I don't know about you, but we live with a certain amount of subterfuge in our finances. Absolute zero is never actually absolute zero, thanks to modern day credit and card-age. It is so easy to live beyond actual means, especially when means fluctuate as wildly as ours do. We are used to a feast or famine cycle around here, and it is all too easy for us to think we are just paying for something now, in the interim, until the big money comes up or the paycheck gets sent from the last job or whatever excuse we offer up. Saying no to the recent trip was a manifestation, an exercise, in acknowledging what I can actually afford RIGHT NOW, with the bottom dollar, rather than what I would like to afford. I do that neat "what I would like to afford" & purchase trick all the time. And it feels good in the moment, whereas this no/denial thing hurts a lot in the moment. I hate to miss out on fun. I hate to miss out on memories and chick flick movie marathons, and Ketel One popsicles, damn it! But big picture me is attempting to focus in on what is gained from a sacrifice like this. It's a pretty tidy, short list at this point, but I have to admit to feeling a nice sense of responsible control and a good dose of putting family needs first. It gets down to brass tax sometimes, and I have to be willing to ask myself whether a trip for me or snow boots or dance lessons for the kids is priority. Kids will win every time when you put us head to head. And that actually feels good to acknowledge. It makes me feel like a bona fide grown up, even if grown ups do get to have less fun.
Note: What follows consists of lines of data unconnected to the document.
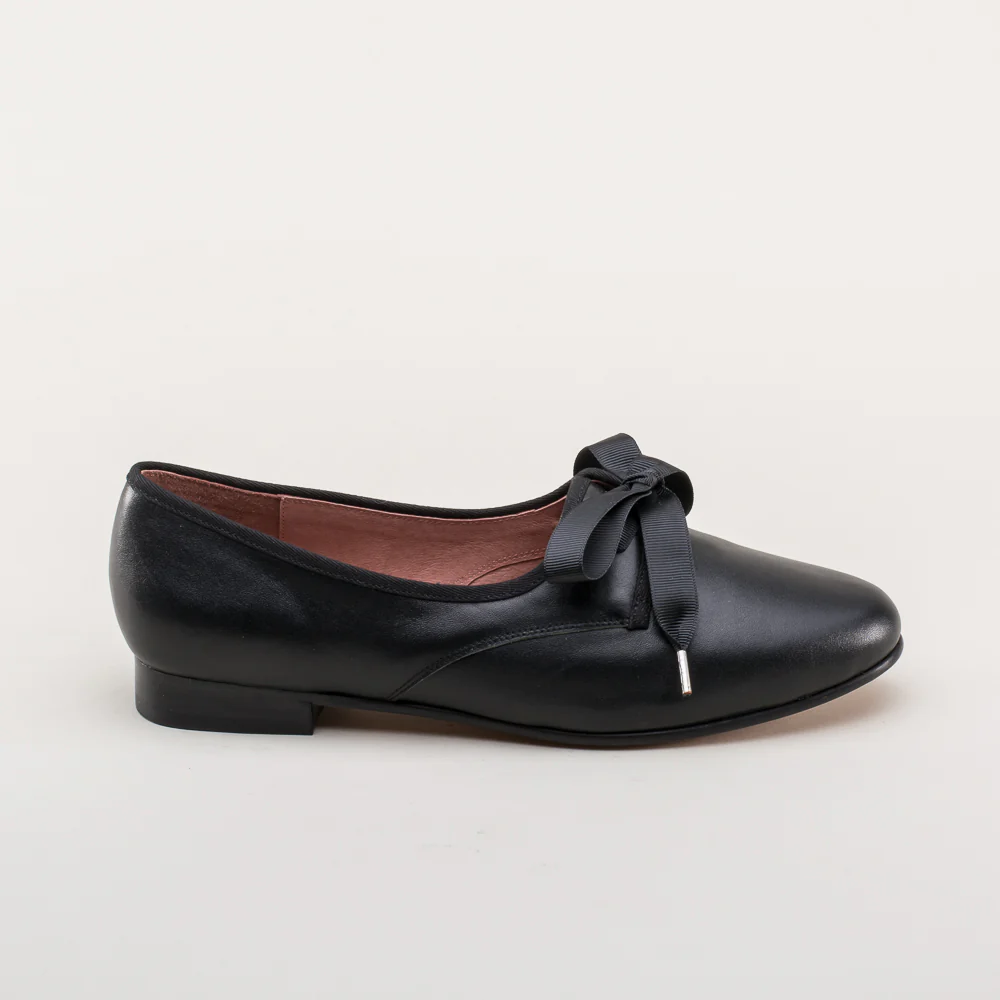 Bertie Regency Pumps (Black) - Image 6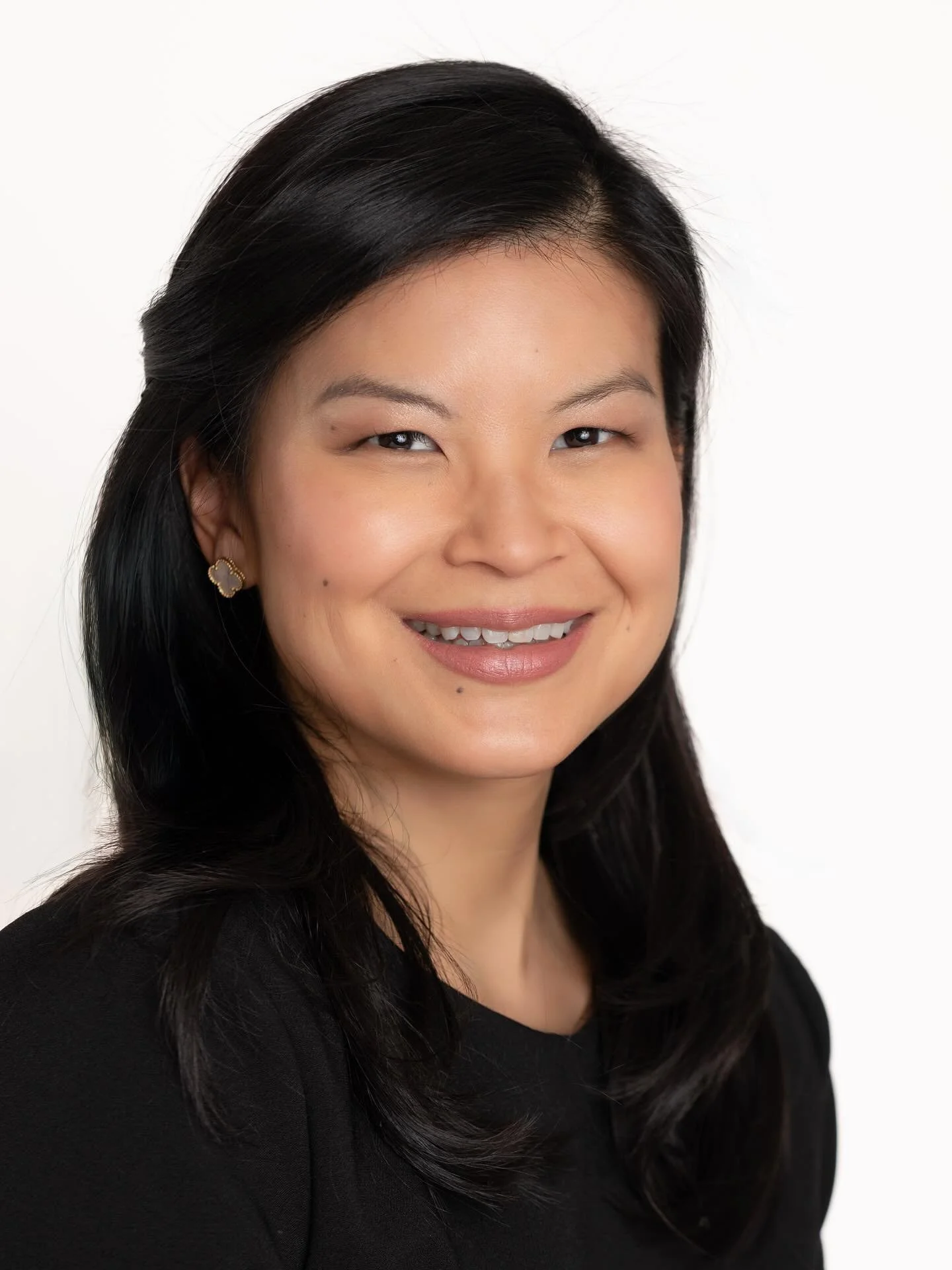 A strong headshot is an investment in your personal brand.
✨ Keep it simple: solid colors, clean lines, and minimal distractions.
✨ Choose soft, even lighting &mdash; it flatters every face.
✨ Most importantly, relax! A natural expression conveys con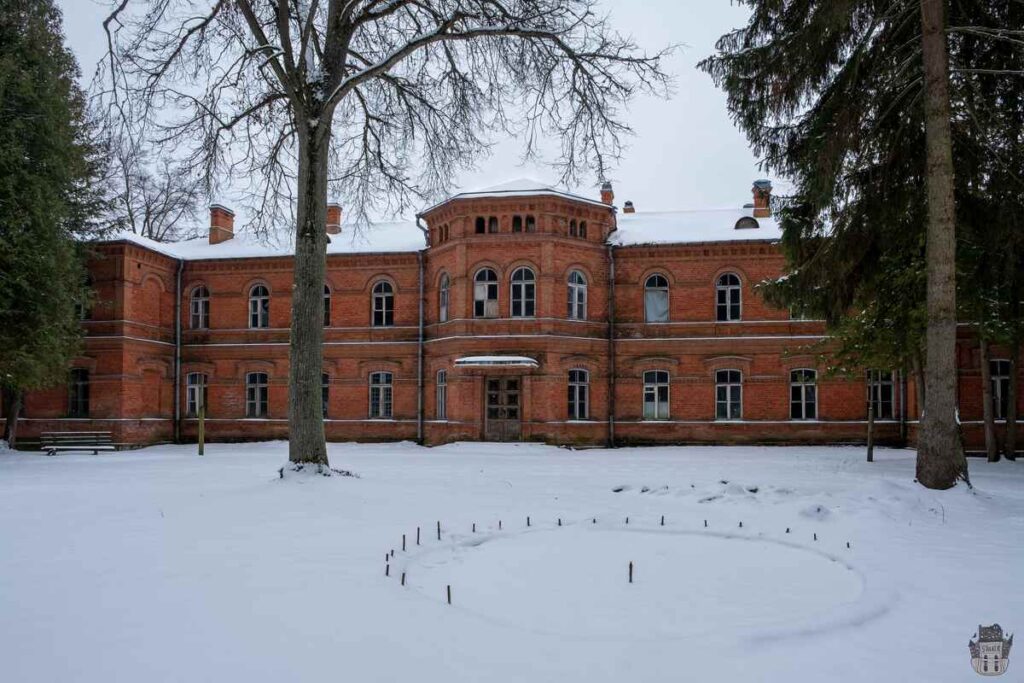 Mežciems abandoned sanatorium in Daugavpils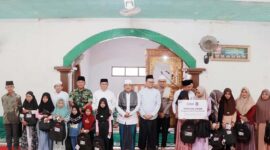 Bupati Tanjung Jabung Barat Safari Jumat di Masjid Nurul Yaqin Desa Rawa Medang. (FOTO : DokPim)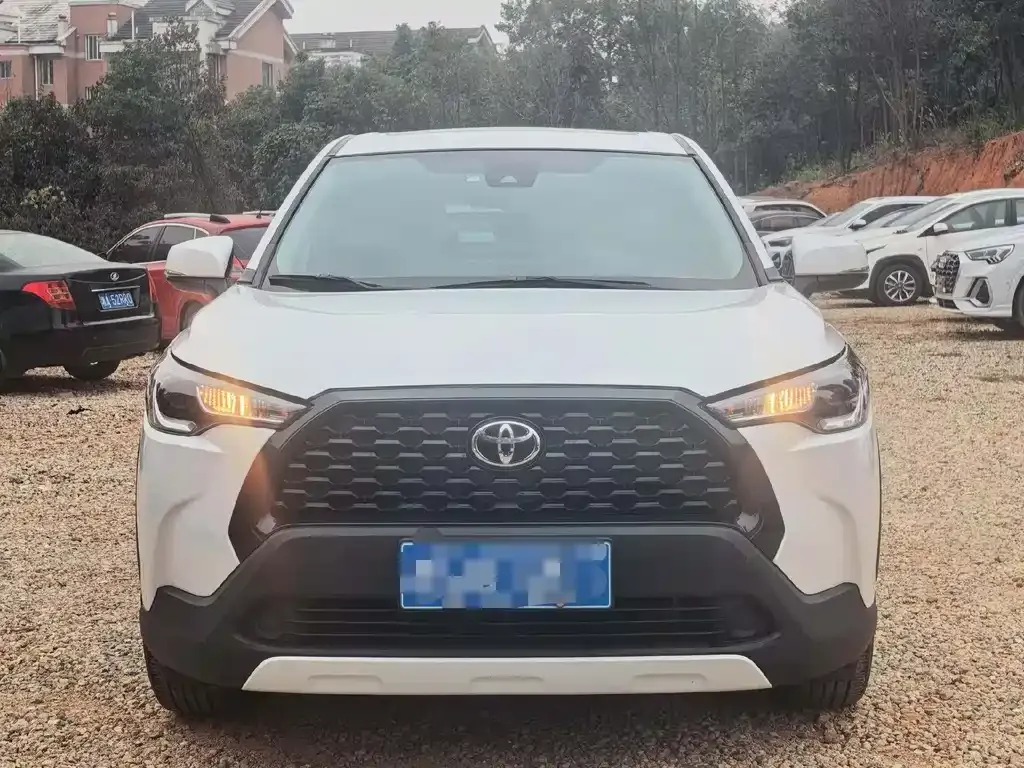 Toyota Corolla Cross — фото 2
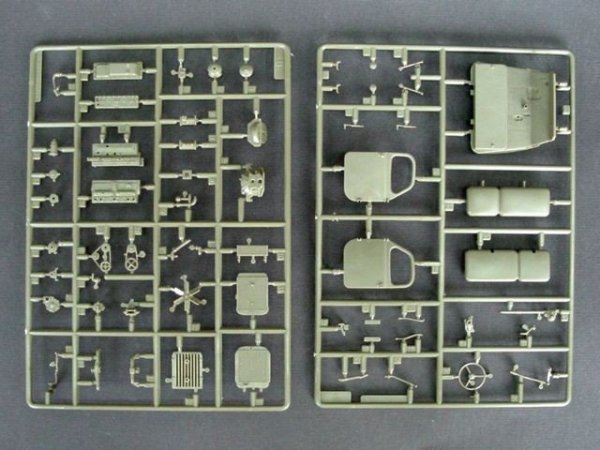 Trumpeter 00205 HQ-2 Missile With Loading Cabin (1:35)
I think one of the interesting things about money is that it definitely makes the world go round, but in my world, no one ever talks about it. I don't know what a single friend or family member in my life makes or how much they live on. I don't know whether someone could retire young or whether they hoarde food stamps in their purse. It's simply not a subject we breach. It feels awkward to even write about money to me. I feel exposed, judged, and gauche. What is this about? Is there a reason to keep money a behind closed doors topic, whether you are talking about wealth or poverty? Why does it feel so strange to "admit" that I can't afford something? And why do I so rarely hear others express this simple fact? There is no way every single person I know has massive savings and plenty of dough. Financial statistics for my generation, not to mention the current financial climate, just don't bear that out.
It makes me wonder if the language of affordability is a bit like learning a foreign tongue, something that only practice can make fluent? Perhaps it is time for our entire culture to take a little Rosetta Stone course in money talk? I wouldn't mind having a few well rehearsed phrases in my arsenal, ways to politely explain to a friend or loved one that I can't afford a certain something, or "I've exceeded my monthly budget for eating out, oops!", without feeling any ensuing awkwardness and/or pity. I guess that's the crux of it all. We seem to be trained in this culture to believe that when we talk about our money we are revealing something private, personal. But in a way, money couldn't be less so. It's cold, hard cash at the end of the day; flimsy paper. It represents facts and sociology but not really an iota of personality. It reveals something about me, but more in a text book way than anything interesting. Talking about money in the positive or in the negative seems like it shouldn't be dirty laundry. It should just be about admitting the status quo and making decisions based on it.
And probably there are plenty of people out there who do treat it that way, I've just never been one of them. But I'd like to try to be. I'm a huge believer that silence on any subject gives it an unnamed power; the if we don't name it, we can't fix it (or we continue to fear it) paradigm. I hope that owning up to my own patch of scarcity right now is brave. It feels brave. It feels a bit like I've been caught with my pants down too, but I'm going to go ahead and assume you won't mind the view. :) But let's be clear. There's no pity party going on here. And there shouldn't be. Good things come out of want, that's something I know: reinvention, creativity, and honest to goodness gratitude. I see A LOT of wealth in that trio.